But disposable incomes will be up by 15.4 per cent by then, the best five-year performance in the past three decades, the province's Credit Union Central says.
And economic growth in 2011 will still be a healthy 3.4 per cent after inflation, not far short of the 3.8 per cent expected this year and 3.6 per cent forecast for 2008.
"I think a growth spike in 2010 is just a normal consequence of a one-time event like the Olympics," Helmut Pastrick, the Credit Union Central's chief economist, said in an interview. "We have seen these kinds of situations in the past, and it is no cause for alarm."
The forecast calls for growth over the next five years to match the pace of the past five years, peaking at 4.6 per cent in 2010.
More importantly, total investment spending, excluding residential spending, is expected to grow by more than 45 per cent, almost double the rate of the previous five years.

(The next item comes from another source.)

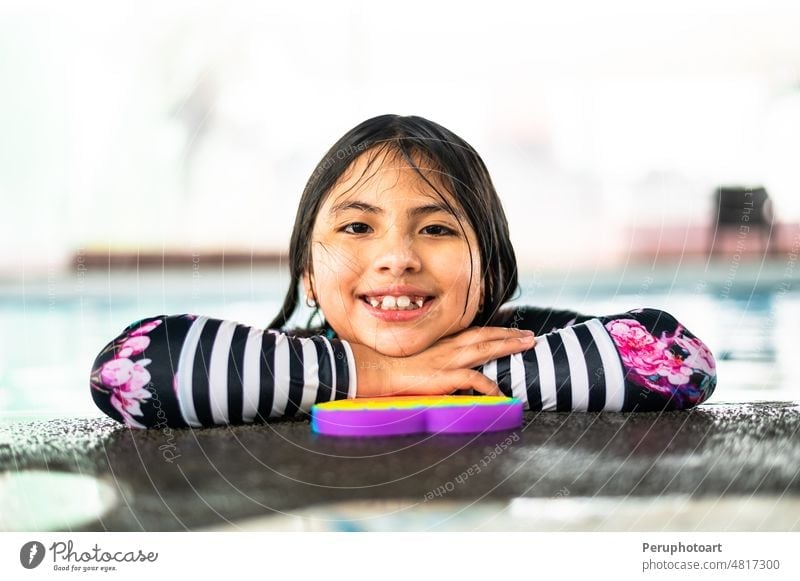 Portrait girl having fun in indoor swimming-pool. The girl is resting at the water park. Active happy kid. Swimming school for small children. Concept friendly family sport and summer vacation.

More investment is considered critical to improving productivity and incomes.
Along with consumer spending, Pastrick says business investment will supplant slowing residential investment as the largest contributor to overall growth. No major housing market correction is expected, with in-migration and rising incomes sustaining demand.

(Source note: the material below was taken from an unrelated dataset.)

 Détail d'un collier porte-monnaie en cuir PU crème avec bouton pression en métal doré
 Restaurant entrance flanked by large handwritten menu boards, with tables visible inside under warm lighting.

While machinery and equipment investment appears to be on a strong growth trend, he cautions that productivity improvements are likely to be gradual. "It's not like in 2012 all of a sudden there will necessarily be a big boost in productivity."
Business investment is being encouraged by a labour market that will continue to tighten as economic growth and the aging population drives the unemployment rate below 4.0 per cent. Migration from other provinces is forecast to rise only modestly because Alberta's economic attraction will continue to be stronger.
Labour shortages are expected to hold back overall growth while pushing up wages. Pastrick forecasts personal incomes to grow by more than six per cent a year during the next five years, aided by moderately higher interest rates that will boost investment income.
After-inflation disposable income per person, in 1997 dollars, is estimated at $21,549 in 2006, up 3.3 per cent from $20,861 in 2005. By 2011, the forecast calls for this to rise 15.4 per cent to $24,857, the best five-year growth performance in 30 years.
While investment and consumer spending will drive growth, Pastrick anticipates further deterioration in external trade. B.C.'s international competitiveness is waning due to a stronger dollar and higher internal costs, along with more competition and slowing demand in traditional export markets.
Industries with above-average growth prospects are construction, retail and wholesale trade, non-resource manufacturing, and finance, insurance, real estate and leasing services.
Growth in transportation-warehousing and electric utilities will accelerate through to 2010, as more capacity is added, while output in accommodation and food services is expected to shoot up during the Olympics.
Slower growth is seen in the wood industry, pulp and paper manufacturing, government services and education services.